Prenant acte de la diffusion d’une « écriture inclusive » qui prétend s’imposer comme norme, l’Académie française élève à l’unanimité une solennelle mise en garde. La multiplication des marques orthographiques et syntaxiques qu’elle induit aboutit à une langue désunie, disparate dans son expression, créant une confusion qui confine à l’illisibilité. On voit mal quel est l’objectif poursuivi et comment il pourrait surmonter les obstacles pratiques d’écriture, de lecture – visuelle ou à voix haute – et de prononciation. Cela alourdirait la tâche des pédagogues. Cela compliquerait plus encore celle des lecteurs.

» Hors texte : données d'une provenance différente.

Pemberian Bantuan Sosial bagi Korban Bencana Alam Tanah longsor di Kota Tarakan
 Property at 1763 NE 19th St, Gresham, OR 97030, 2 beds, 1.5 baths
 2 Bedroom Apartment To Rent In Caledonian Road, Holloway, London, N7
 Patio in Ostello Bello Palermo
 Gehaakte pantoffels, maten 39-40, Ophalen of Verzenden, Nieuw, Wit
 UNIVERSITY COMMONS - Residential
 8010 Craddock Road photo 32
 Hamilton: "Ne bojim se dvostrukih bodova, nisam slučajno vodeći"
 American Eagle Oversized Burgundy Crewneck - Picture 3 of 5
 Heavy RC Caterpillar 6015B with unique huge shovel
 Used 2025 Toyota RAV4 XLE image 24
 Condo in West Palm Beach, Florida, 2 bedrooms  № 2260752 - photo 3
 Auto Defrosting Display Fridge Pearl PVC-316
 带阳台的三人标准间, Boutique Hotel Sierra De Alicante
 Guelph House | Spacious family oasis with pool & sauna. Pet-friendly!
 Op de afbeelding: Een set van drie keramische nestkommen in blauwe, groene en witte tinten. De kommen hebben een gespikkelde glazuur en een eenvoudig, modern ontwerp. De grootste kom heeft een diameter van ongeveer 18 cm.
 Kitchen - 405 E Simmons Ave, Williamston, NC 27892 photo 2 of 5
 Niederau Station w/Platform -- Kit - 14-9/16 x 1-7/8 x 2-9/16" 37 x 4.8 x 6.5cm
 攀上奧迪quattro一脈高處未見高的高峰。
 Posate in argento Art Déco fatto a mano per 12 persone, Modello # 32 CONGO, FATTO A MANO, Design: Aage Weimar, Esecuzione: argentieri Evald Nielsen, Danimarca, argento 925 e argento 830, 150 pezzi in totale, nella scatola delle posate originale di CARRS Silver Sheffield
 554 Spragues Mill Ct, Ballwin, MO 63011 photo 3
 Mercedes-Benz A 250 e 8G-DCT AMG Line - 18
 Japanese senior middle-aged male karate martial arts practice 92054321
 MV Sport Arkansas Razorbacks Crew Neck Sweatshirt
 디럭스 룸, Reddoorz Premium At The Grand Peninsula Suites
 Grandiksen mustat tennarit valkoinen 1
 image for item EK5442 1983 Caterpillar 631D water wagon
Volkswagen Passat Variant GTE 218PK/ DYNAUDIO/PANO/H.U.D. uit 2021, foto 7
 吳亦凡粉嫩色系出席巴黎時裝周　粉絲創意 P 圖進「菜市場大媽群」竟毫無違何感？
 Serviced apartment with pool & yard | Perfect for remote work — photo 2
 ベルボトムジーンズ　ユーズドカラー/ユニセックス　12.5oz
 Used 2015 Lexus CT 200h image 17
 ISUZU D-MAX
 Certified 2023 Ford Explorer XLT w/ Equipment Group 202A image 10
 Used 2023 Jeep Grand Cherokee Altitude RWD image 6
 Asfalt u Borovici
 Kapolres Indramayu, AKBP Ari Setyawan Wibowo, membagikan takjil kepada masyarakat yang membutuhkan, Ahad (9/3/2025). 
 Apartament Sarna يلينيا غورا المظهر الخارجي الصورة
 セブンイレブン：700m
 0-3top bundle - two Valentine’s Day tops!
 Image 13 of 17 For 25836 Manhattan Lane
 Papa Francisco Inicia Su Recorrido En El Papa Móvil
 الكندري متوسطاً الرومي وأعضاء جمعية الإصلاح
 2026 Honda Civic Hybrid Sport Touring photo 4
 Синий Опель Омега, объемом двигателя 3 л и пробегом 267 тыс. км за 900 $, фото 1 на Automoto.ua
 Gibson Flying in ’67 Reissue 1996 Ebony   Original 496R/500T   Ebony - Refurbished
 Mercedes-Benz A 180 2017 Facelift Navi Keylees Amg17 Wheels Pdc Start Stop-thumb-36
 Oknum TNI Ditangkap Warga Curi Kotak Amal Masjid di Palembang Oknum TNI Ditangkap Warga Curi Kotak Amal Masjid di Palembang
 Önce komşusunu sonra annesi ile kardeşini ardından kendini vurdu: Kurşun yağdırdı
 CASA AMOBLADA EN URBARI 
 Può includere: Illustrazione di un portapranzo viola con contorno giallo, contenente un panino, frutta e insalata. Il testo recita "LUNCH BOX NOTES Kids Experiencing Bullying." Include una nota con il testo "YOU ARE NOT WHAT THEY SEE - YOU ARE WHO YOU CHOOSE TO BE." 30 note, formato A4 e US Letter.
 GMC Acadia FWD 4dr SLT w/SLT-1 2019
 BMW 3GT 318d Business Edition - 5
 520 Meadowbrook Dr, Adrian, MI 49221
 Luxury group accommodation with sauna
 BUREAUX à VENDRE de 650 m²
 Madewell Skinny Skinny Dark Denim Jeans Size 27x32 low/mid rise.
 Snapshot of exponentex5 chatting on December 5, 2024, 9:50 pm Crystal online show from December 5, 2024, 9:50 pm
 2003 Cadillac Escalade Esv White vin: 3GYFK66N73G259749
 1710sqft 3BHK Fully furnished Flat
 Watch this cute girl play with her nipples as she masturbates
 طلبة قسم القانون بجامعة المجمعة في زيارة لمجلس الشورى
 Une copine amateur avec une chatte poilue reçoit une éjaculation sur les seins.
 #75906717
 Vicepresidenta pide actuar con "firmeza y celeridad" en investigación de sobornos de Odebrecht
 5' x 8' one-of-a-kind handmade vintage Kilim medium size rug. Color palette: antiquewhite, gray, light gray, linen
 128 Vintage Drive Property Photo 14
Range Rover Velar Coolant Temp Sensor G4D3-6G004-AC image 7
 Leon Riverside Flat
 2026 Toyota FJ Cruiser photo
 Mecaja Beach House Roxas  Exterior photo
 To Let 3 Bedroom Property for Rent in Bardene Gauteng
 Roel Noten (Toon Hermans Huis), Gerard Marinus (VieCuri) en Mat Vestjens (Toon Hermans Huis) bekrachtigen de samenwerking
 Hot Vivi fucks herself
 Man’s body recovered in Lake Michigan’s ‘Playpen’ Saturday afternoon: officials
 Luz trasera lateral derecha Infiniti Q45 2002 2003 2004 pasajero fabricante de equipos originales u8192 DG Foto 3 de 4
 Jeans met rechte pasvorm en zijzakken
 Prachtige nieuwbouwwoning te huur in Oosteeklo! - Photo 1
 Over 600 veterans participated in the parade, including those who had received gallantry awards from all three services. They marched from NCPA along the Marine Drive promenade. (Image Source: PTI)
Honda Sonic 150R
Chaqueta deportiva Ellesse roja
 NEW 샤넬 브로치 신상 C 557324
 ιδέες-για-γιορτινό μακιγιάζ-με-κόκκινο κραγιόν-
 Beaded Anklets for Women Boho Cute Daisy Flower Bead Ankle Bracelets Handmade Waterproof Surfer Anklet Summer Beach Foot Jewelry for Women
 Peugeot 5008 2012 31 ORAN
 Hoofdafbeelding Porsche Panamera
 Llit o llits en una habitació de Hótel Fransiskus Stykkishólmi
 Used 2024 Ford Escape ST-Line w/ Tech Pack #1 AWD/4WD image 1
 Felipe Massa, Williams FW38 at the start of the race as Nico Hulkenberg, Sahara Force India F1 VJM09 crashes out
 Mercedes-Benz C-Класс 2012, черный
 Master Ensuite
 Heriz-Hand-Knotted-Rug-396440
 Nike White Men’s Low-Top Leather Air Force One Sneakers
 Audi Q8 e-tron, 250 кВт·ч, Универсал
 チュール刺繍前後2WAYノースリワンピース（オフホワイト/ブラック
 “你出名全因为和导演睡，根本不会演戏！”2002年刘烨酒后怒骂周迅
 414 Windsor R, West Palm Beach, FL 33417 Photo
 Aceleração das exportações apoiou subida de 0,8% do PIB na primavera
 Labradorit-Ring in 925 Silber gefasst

Plus que toute autre institution, l’Académie française est sensible aux évolutions et aux innovations de la langue, puisqu’elle a pour mission de les codifier. En cette occasion, c’est moins en gardienne de la norme qu’en garante de l’avenir qu’elle lance un cri d’alarme : devant cette aberration « inclusive », la langue française se trouve désormais en péril mortel, ce dont notre nation est dès aujourd’hui comptable devant les générations futures.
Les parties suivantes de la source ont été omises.